# Variational Auto Encoder

In [1]:
import torch
import torch.nn as nn
import torch.nn.functional as F

In [3]:
class VAE(nn.Module):
    def __init__(self, latent_dim=20):
        super(VAE, self).__init__()
        # Encoder: conv layers or linear layers ending in hidden size
        self.fc1 = nn.Linear(784, 400)
        self.fc_mu = nn.Linear(400, latent_dim)
        self.fc_logvar = nn.Linear(400, latent_dim)
        # Decoder: linear layers from latent to output
        self.fc_dec1 = nn.Linear(latent_dim, 400)
        self.fc_dec2 = nn.Linear(400, 784)

    def encode(self, x):
        h = F.relu(self.fc1(x))
        mu = self.fc_mu(h)
        logvar = self.fc_logvar(h)
        return mu, logvar

    def reparameterize(self, mu, logvar):
        std = torch.exp(0.5 * logvar)      # standard deviation
        eps = torch.randn_like(std)        # sample epsilon ~ N(0,1)
        return mu + eps * std              # z ~ N(mu, sigma^2)

    def decode(self, z):
        h = F.relu(self.fc_dec1(z))
        x_recon = torch.sigmoid(self.fc_dec2(h))  # for Bernoulli output
        return x_recon

    def forward(self, x):
        mu, logvar = self.encode(x.view(-1, 784))
        z = self.reparameterize(mu, logvar)
        x_recon = self.decode(z)
        return x_recon, mu, logvar

In [None]:
model = VAE(latent_dim=20)
optimizer = torch.optim.Adam(model.parameters(), lr=1e-3)

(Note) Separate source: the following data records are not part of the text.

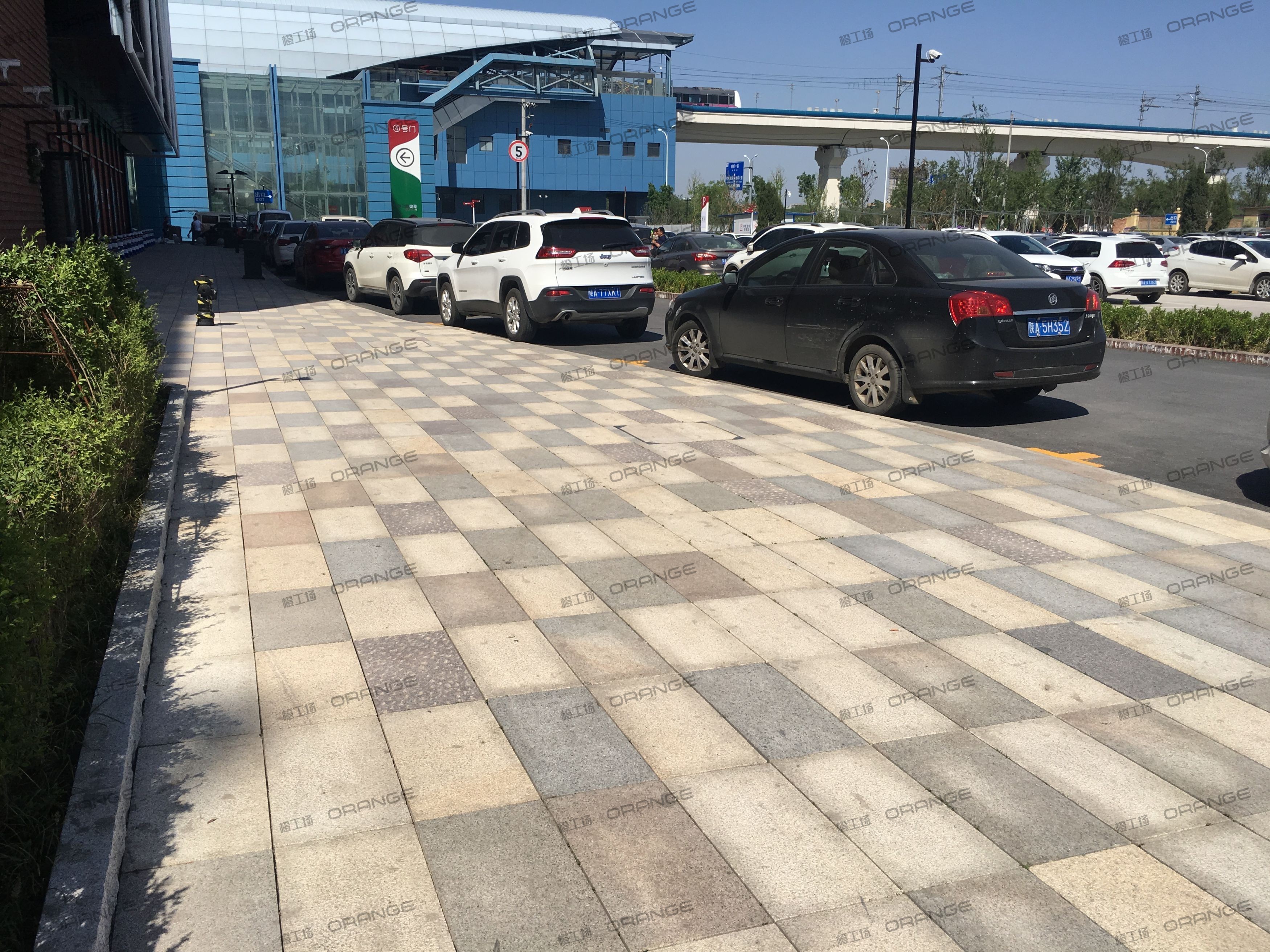 西安砂之船奥特莱斯-室外西侧中部走廊4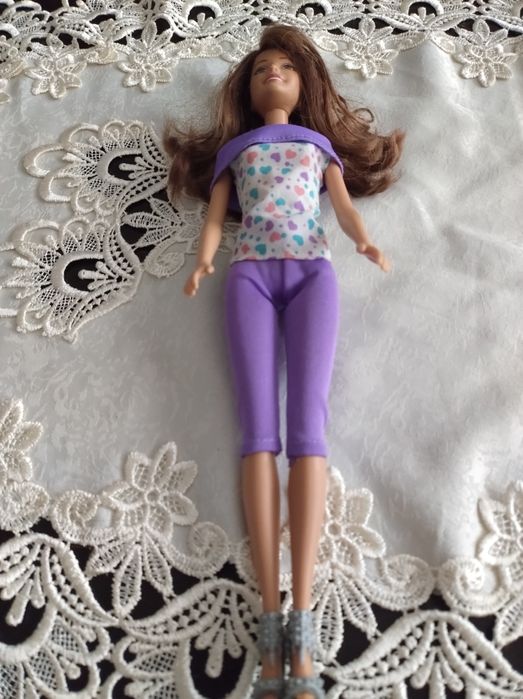 Piękna lalka Barbie.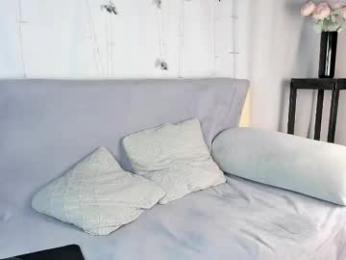 twelveeek webcam model stream image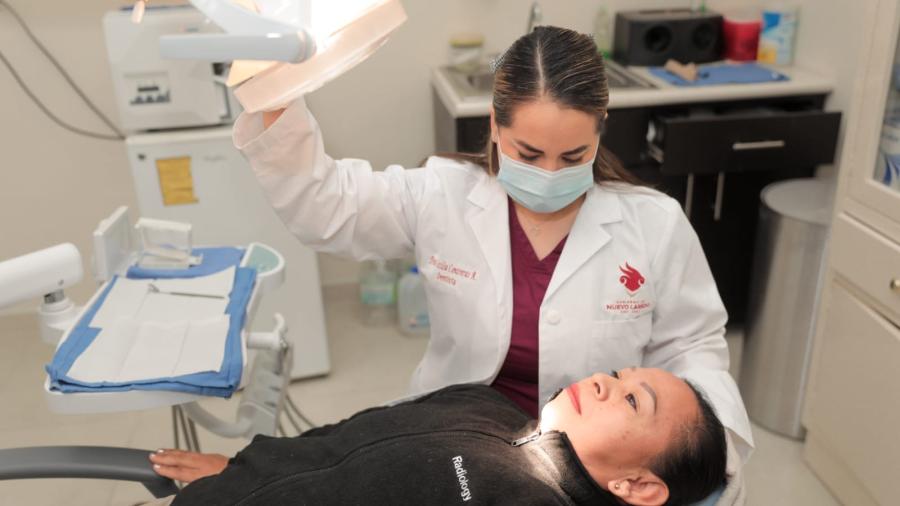 Clínicas UNE acercan servicios de salud de calidad a colonias de la periferia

for batch in data_loader:    # iterate minibatches
    x = batch.to(device)     # x shape: [batch, 1, 28, 28]
    optimizer.zero_grad()
    x_recon, mu, logvar = model(x)
    # Reconstruction loss (Bernoulli cross-entropy per pixel)
    recon_loss = F.binary_cross_entropy(x_recon, x.view(-1,784), reduction='sum')
    # KL divergence loss for q(z|x) vs p(z)=N(0,1)
    kl_loss = -0.5 * torch.sum(1 + logvar - mu.pow(2) - logvar.exp())
    loss = recon_loss + kl_loss
    loss.backward()
    optimizer.step()